Each record needs to be transcribed word for word, though without its pictures.

Top of INFORMATION SHOWN

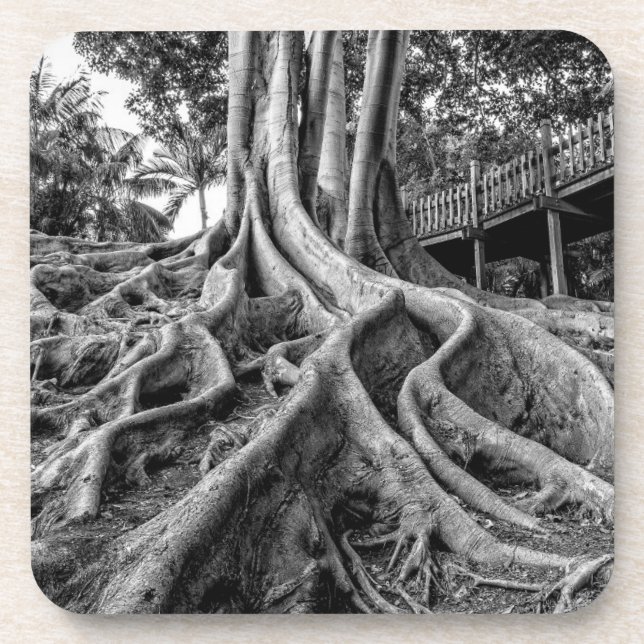 Massive rubber tree roots coaster (Front)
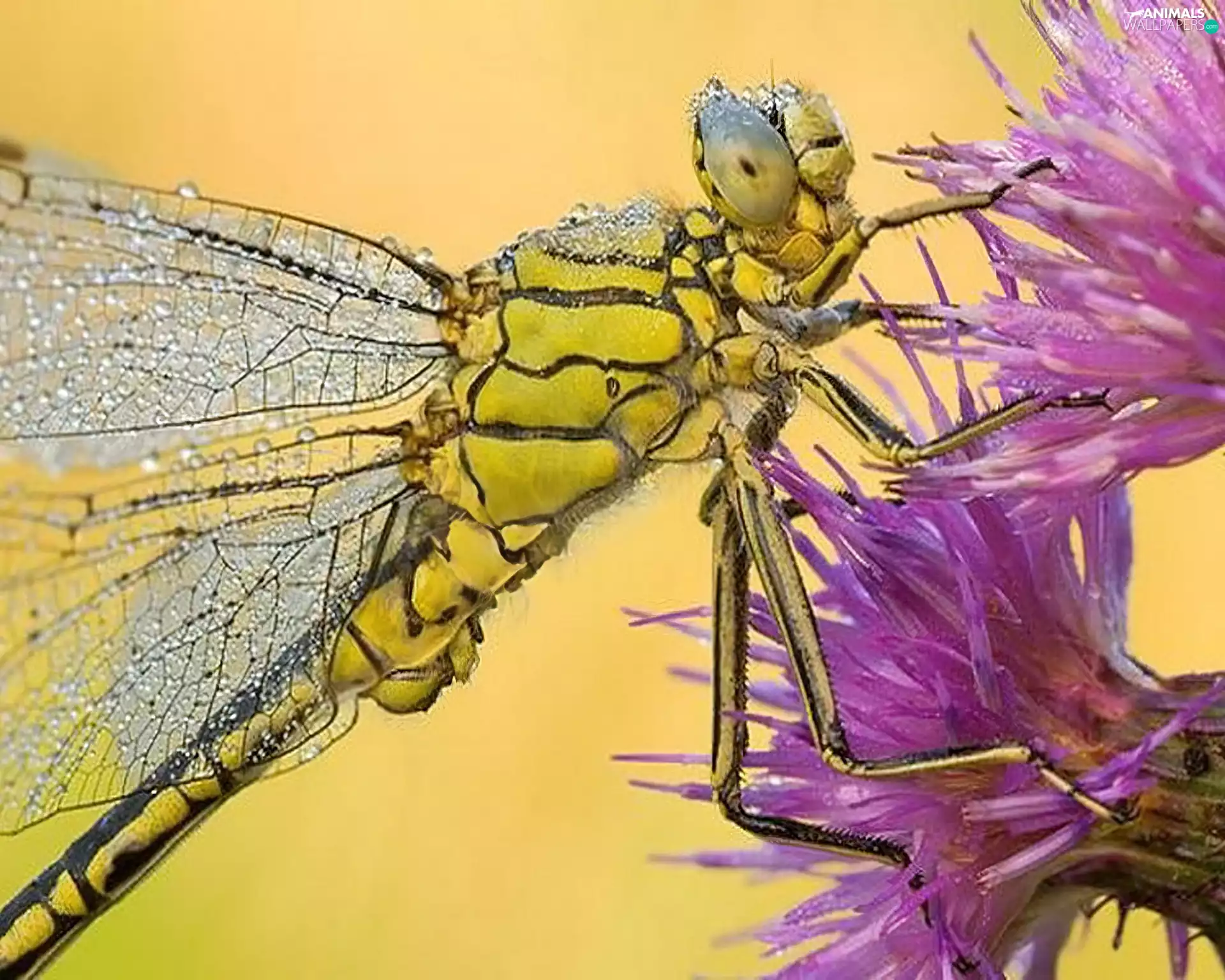 dragon-fly, wings, Colourfull Flowers, tail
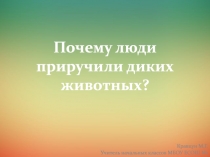 П очему люди приручили диких животных?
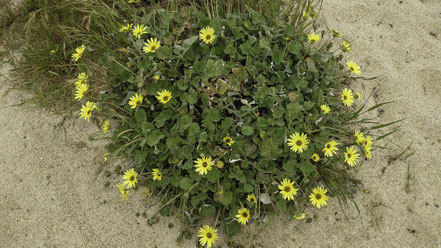 Bild: Flora an der Praia de Mira in Portugal 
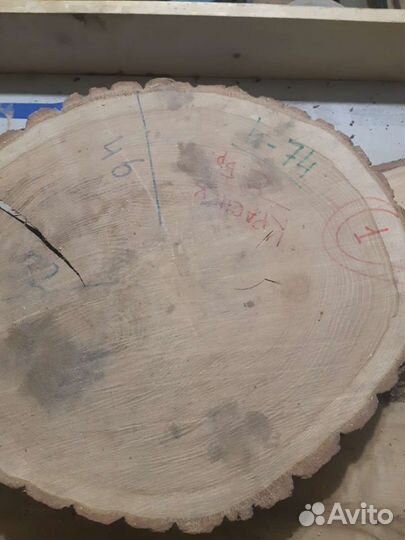 Торцевой спил Дуба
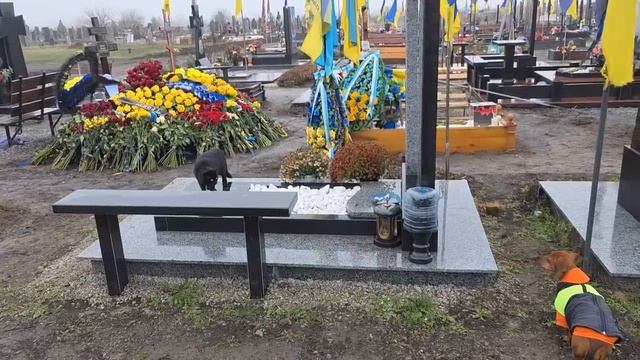 ДНЕПРОПЕТРОВСК , Декабрь 2025 смотреть онлайн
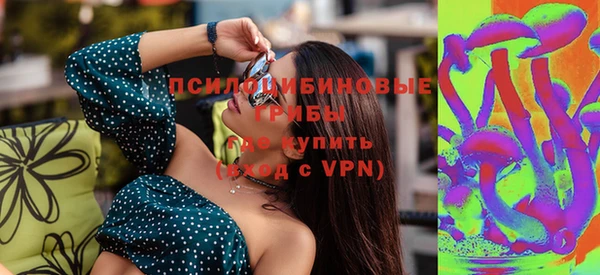 тгк Аркадак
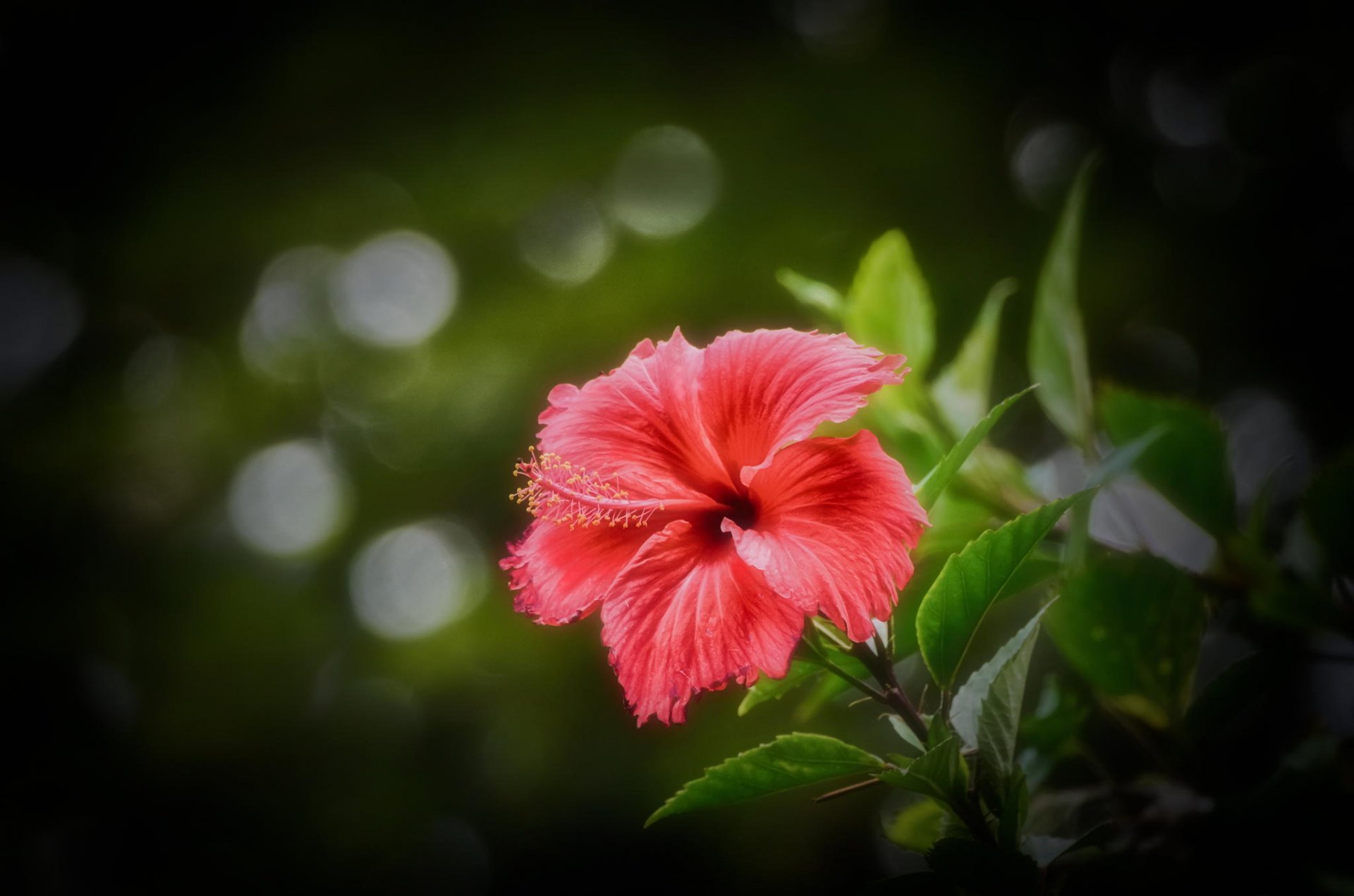 różowy hibiskus rozmycie tło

Bottom of INFORMATION SHOWN

- **COMPLETED TASK**:
 Massive rubber tree roots coaster (Front)
 dragon-fly, wings, Colourfull Flowers, tail
 П очему люди приручили диких животных?
 Bild: Flora an der Praia de Mira in Portugal 
 Торцевой спил Дуба
 ДНЕПРОПЕТРОВСК , Декабрь 2025 смотреть онлайн
 тгк Аркадак
 różowy hibiskus rozmycie tło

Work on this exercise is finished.